> **Exercise brief**
Reproduce exactly the line with "1851 70 Street SE, Salmon Arm" and every line that follows it below, up to and including the last one. Do not include pictures or anything else.
--- Records supplied ---
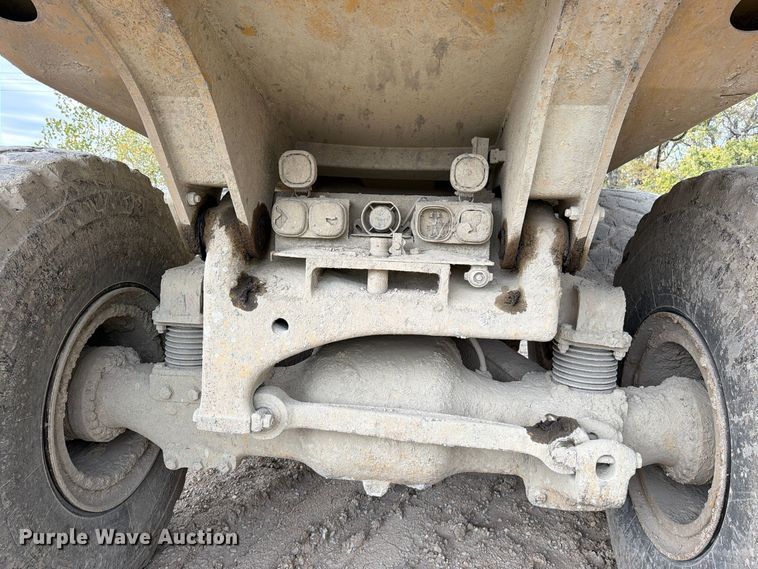 image for item EO8832 2014 Caterpillar 740B articulated haul truck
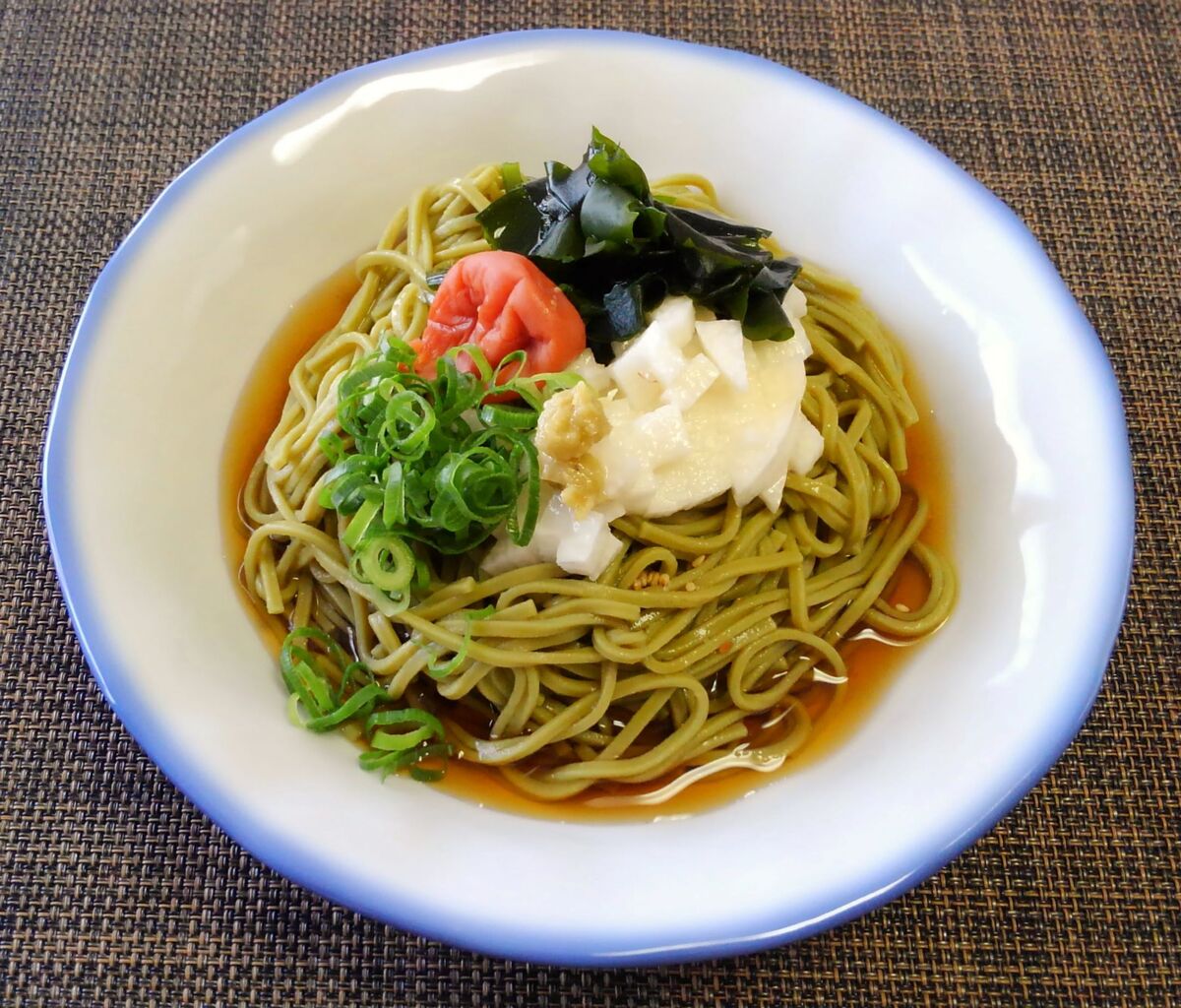 香りと喉こし良い方を選んでみた ぶっかけ茶そば 水は方円の器に随う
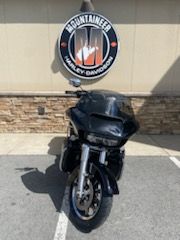 2017 Harley-Davidson Road Glide® Ultra in Morgantown, West Virginia - Photo 3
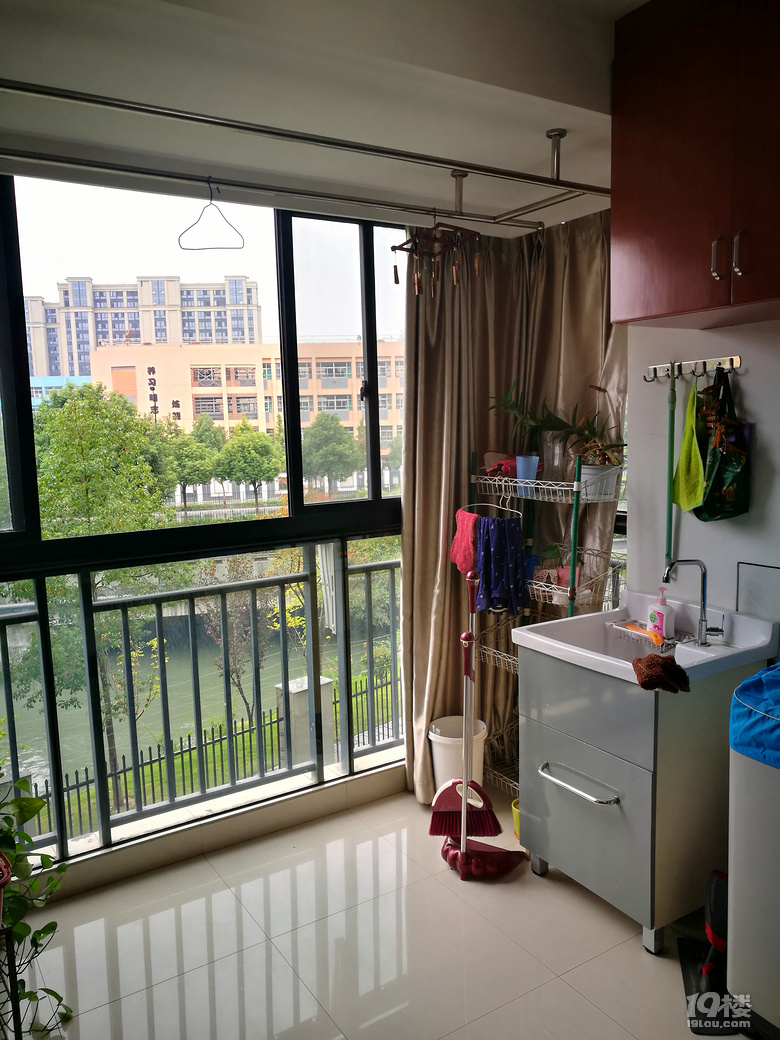 杭州华丰村附近精装公寓出租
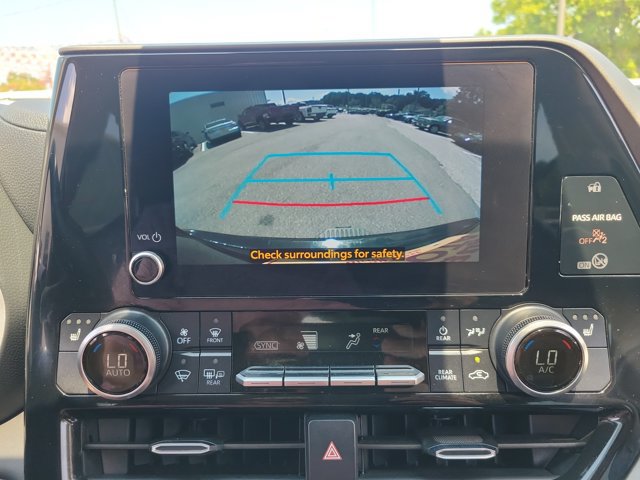 Used 2024 Toyota Highlander XLE AWD/4WD image 20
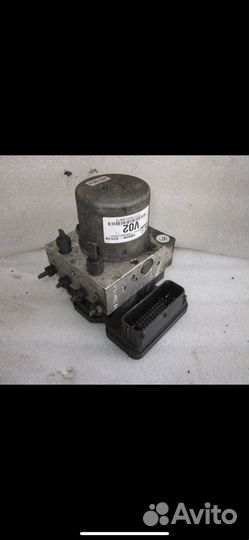 Блок ABS на hyundai i40 хендай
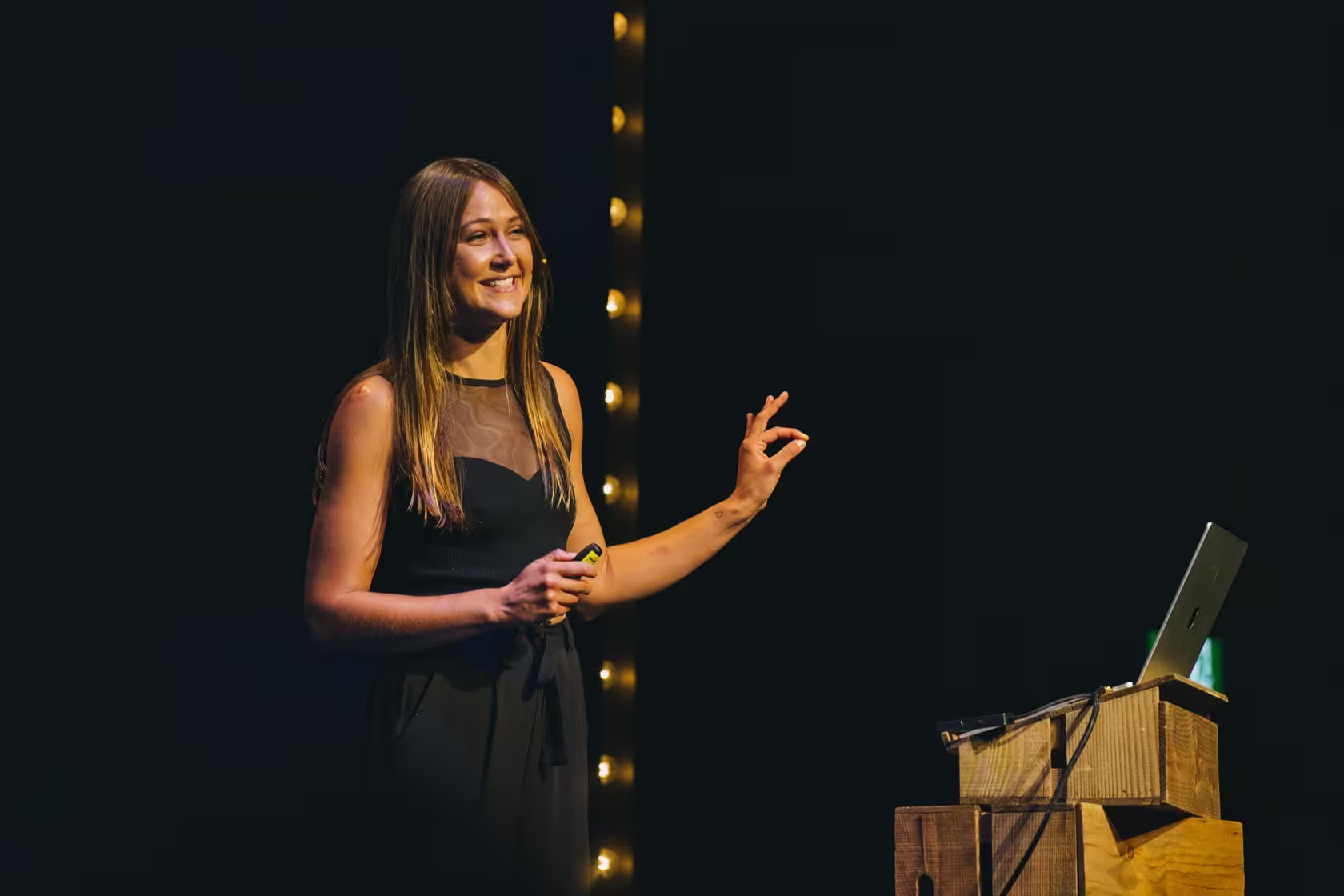 Photo of Gemma O’Brien taken at beyond tellerrand in Düsseldorf 2023 by Celine Al-Mosawi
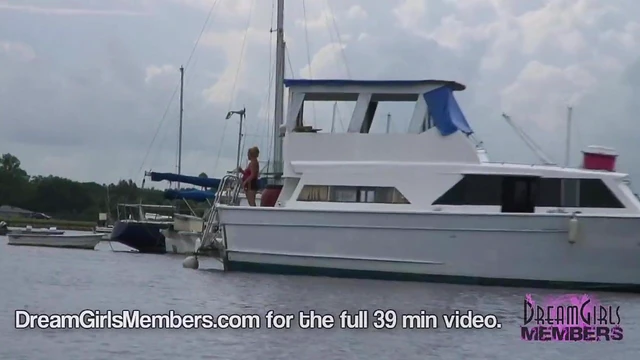 Naked Leah Streaks Playfully Through Tampa City Streets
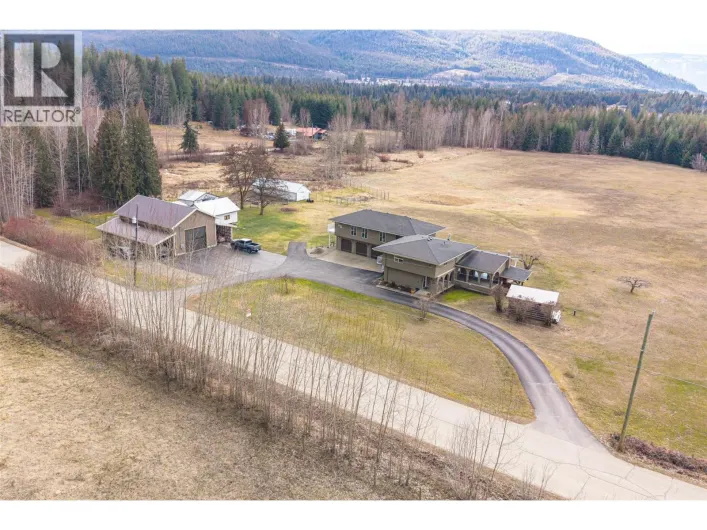 1851 70 Street SE, Salmon Arm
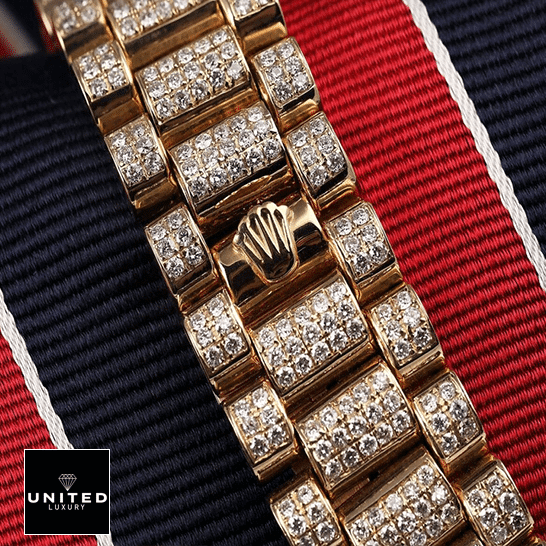 Mens Iced Out Watches 5 Rolex Day-Date 36 18038 Full Diamond Oyster Bracelet On the Rolex logo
---
> **Task solution**
 1851 70 Street SE, Salmon Arm
 Mens Iced Out Watches 5 Rolex Day-Date 36 18038 Full Diamond Oyster Bracelet On the Rolex logo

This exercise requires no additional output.